Hedge funds cut gold positions as Goldman lowers outlook

Economic Growth

Investors increased their net-short position in copper to 32,599 contracts, from 29,018 a week earlier, CFTC data show. Prices fell 7.1% in June, the most in 13 months. Goldman cut its outlook for the metal saying slowing economic growth in China will crimp consumption. Supplies will outpace demand through 2016, the bank said in a June 25 report.

A measure of net-long positions across 11 agricultural products gained 5.9% to 313,428 futures and options. The S&P’s Agriculture Index of eight commodities plunged 10% last month, the most since September 2011.

Bullish corn positions dropped 5% to 70,701 contracts, the fourth consecutive decline and the longest slump since January. Prices reached a 32-month low on June 28. Soybean holdings reached the lowest in four weeks. U.S. farmers will plant more grain than forecast and the largest oilseed crop on record, the government said June 28.

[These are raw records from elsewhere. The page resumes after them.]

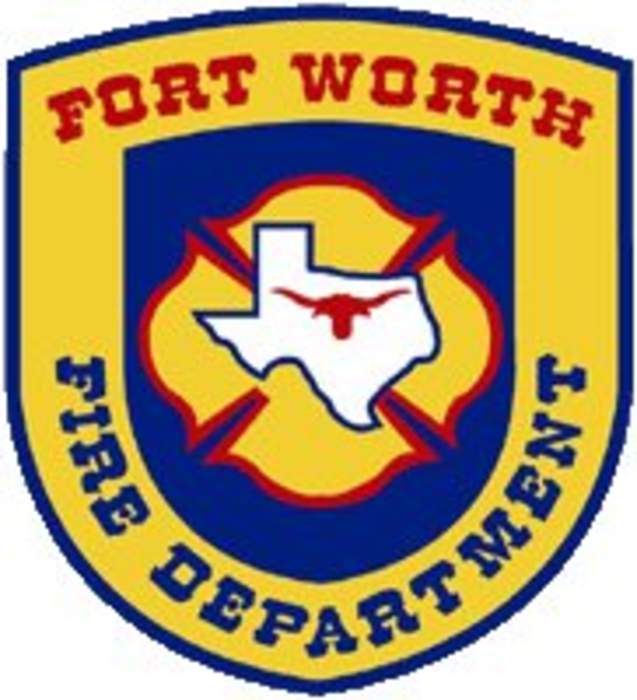 Fort Worth Fire Department: 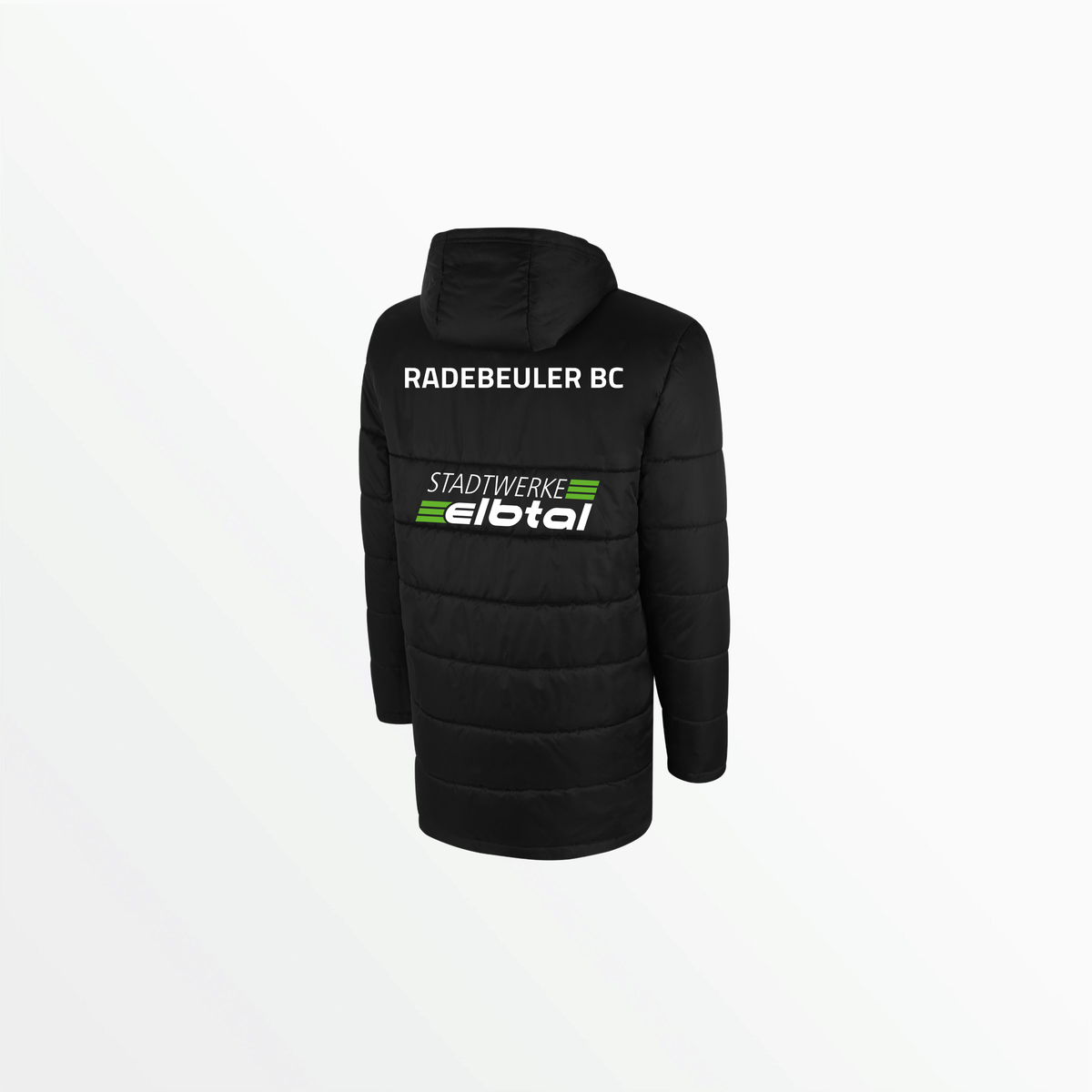 BASICS Stadium Coat - Radebeuler BC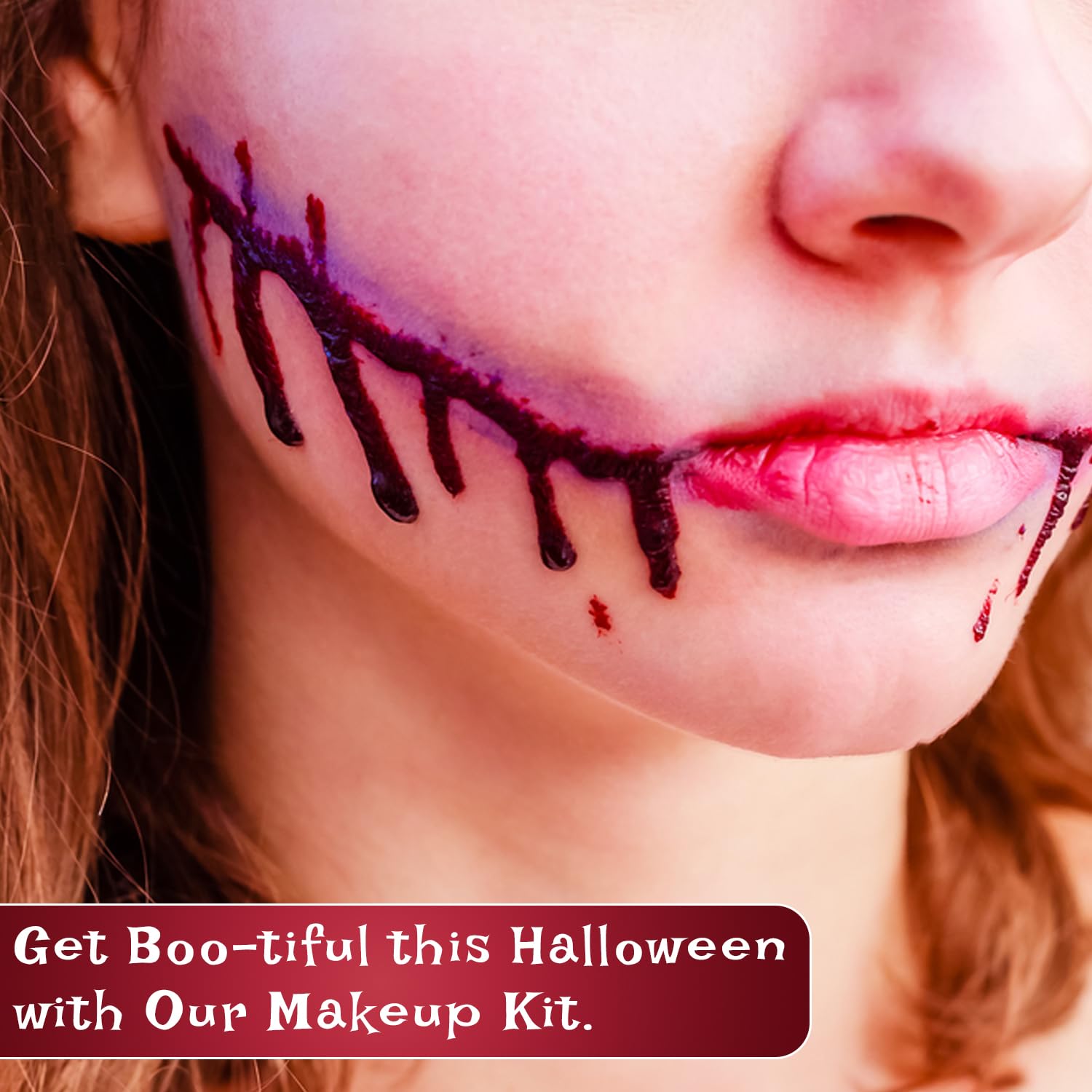 Complete Halloween Costume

Planting of corn, the biggest domestic crop, jumped to 97.379 million acres, the most since 1936, the U.S. Department of Agriculture estimates. Analysts in a Bloomberg survey expected 95.431 million. Wheat acreage reached a four-year high of 56.53 million and soybeans were sown on a record 77.728 million acres.

“A slowdown in China, coupled with rising supplies does, not augur well for commodities,” said Jeff Sica, who helps oversee more than $1 billion as the president of Sica Wealth Management in Morristown, New Jersey. “We are in an era of lower commodity prices.”